> **Problem description**
Under this line sits a listing. Repeat exactly and only its lines from the one holding "Train going by" through the one holding "現代簡約室內，木質地板、混凝土牆面與布料沙發家具。"; skip pictures.

> **Supplied data**
════

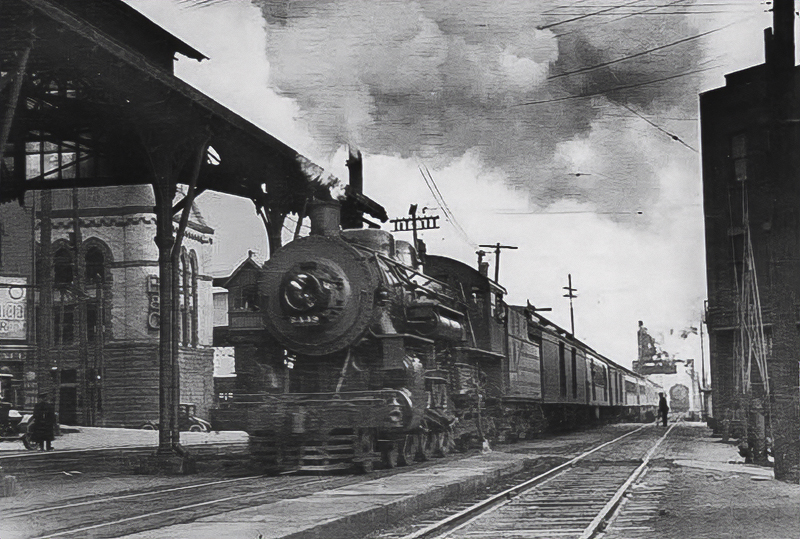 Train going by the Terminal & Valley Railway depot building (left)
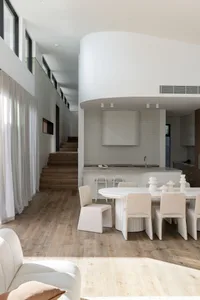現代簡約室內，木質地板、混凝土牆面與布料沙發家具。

════

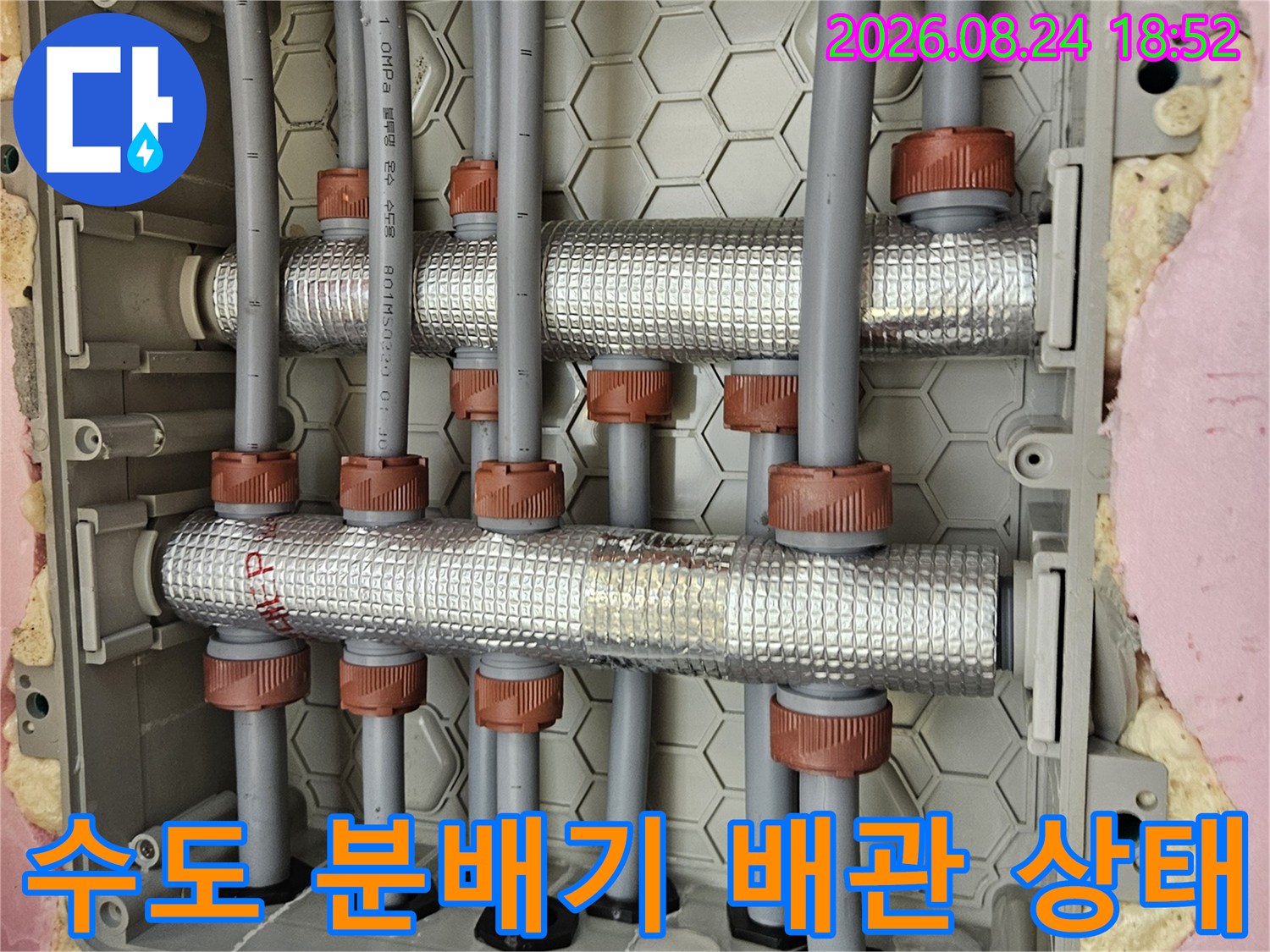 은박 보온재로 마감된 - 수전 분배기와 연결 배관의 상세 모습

════

> **Solution below**
 Train going by the Terminal & Valley Railway depot building (left)
現代簡約室內，木質地板、混凝土牆面與布料沙發家具。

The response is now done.